While first non-invasive canine neuroimaging studies [29,39–42] suggested an involvement of the temporal cortex in face perception, they triggered a debate on whether the occipito-temporal specialization for face perception in dogs matches that of humans [29,39–42]. Previous work reported increased activation for faces compared to objects [40, 42], scenes [40], or a mono-coloured surface [39], but not compared to other low-level visual controls (i.e., scrambled images [39, 40] or the back of the head [29]). Some studies lacked non-facial controls entirely [41]. Studies additionally investigating responses to con- and heterospecifics were inconclusive ranging from reports of increased responsiveness to dog stimuli in general (i.e., face and back of the head) but no specialization for faces [29], over separate brain regions specialized for human or dog faces [41], to no species-but general face-preference [40]. Further, no previous work investigated the neural bases of body perception. This is a major limitation, as bodies play an important role for social perception in general, but in particular for dogs - as indicated e.g., by dogs’ high responsiveness to emotional or ostensive-referential bodily cues, such as tail-wagging [43] or human gestures [43–45]. It is particularly noteworthy in this respect, that dogs even outperform humans’ closest living relatives, chimpanzees, in utilizing human ostensive cues [46].

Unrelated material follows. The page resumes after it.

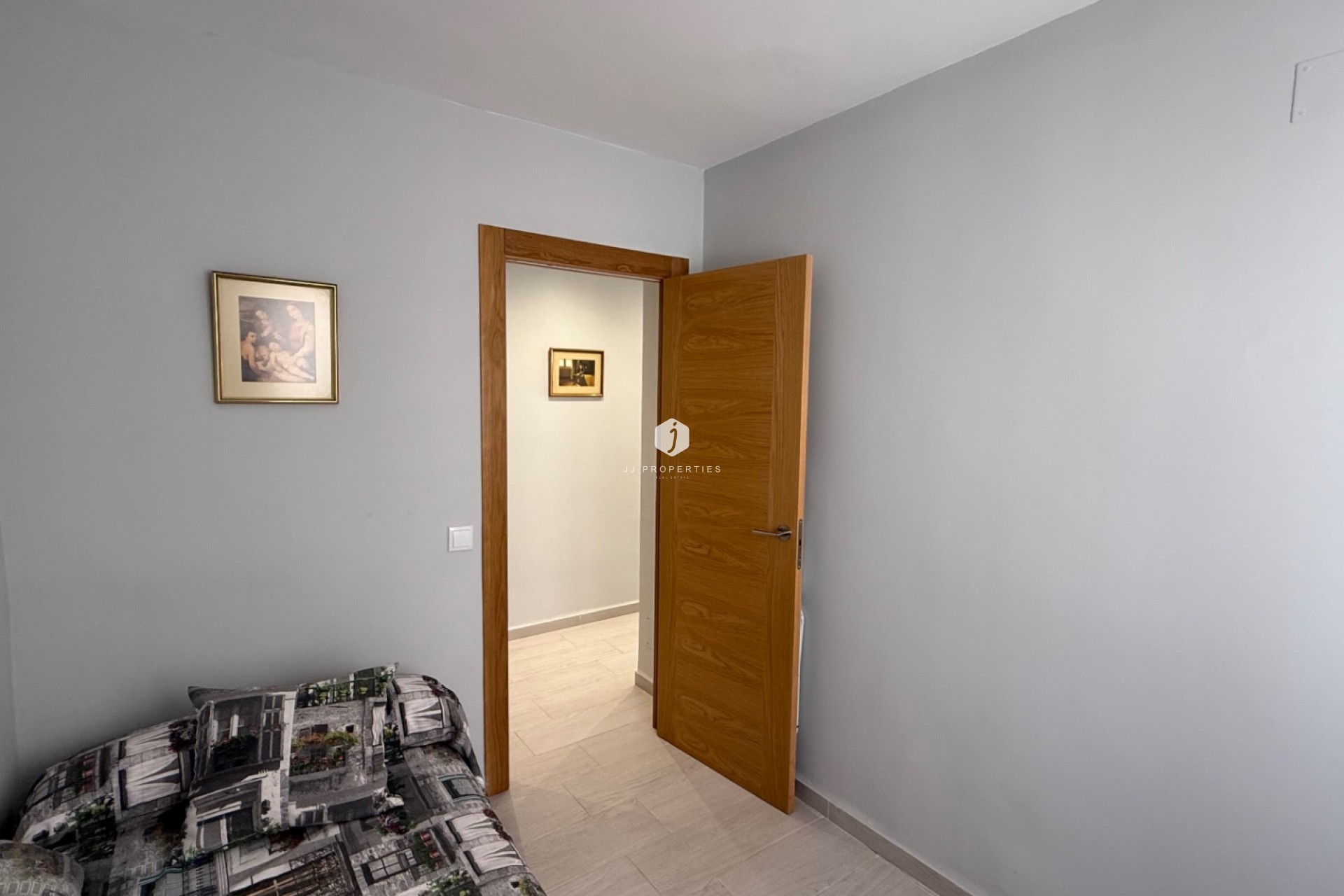 Resale - Apartment / flat -
Torrevieja - Costa Blanca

Thus, the findings so far do not allow for a distinction between face and body or general animacy perception and are inconclusive regarding the influence of the other individual’s species-identity. The present comparative neuroimaging study aimed to resolve this debate. We performed the, to our knowledge, first systematic comparison of the neural bases of face, body and inanimate object perception in dogs and humans, in order to gain insights into how social perception has evolved in two phylogenetically distant mammalian species [38, 47].
2 Results
Fifteen awake and unrestrained pet dogs (Fig 1A) and forty human participants underwent functional magnetic resonance imaging (MRI) while viewing images of human and dog bodies, faces, inanimate objects (e.g., different toys), and grid-scrambled versions of these images serving as visual controls (Fig 1B). Over the course of two 5 min runs, participants saw 180 different images presented in a block design interspersed with an implicit visual baseline. We analysed the dog fMRI data with a newly developed analysis protocol shown to significantly improve neural signal detection power [48]. All statistical tests were corrected for multiple comparisons (see fMRI data analysis, Fig 2, Tables S2-S3).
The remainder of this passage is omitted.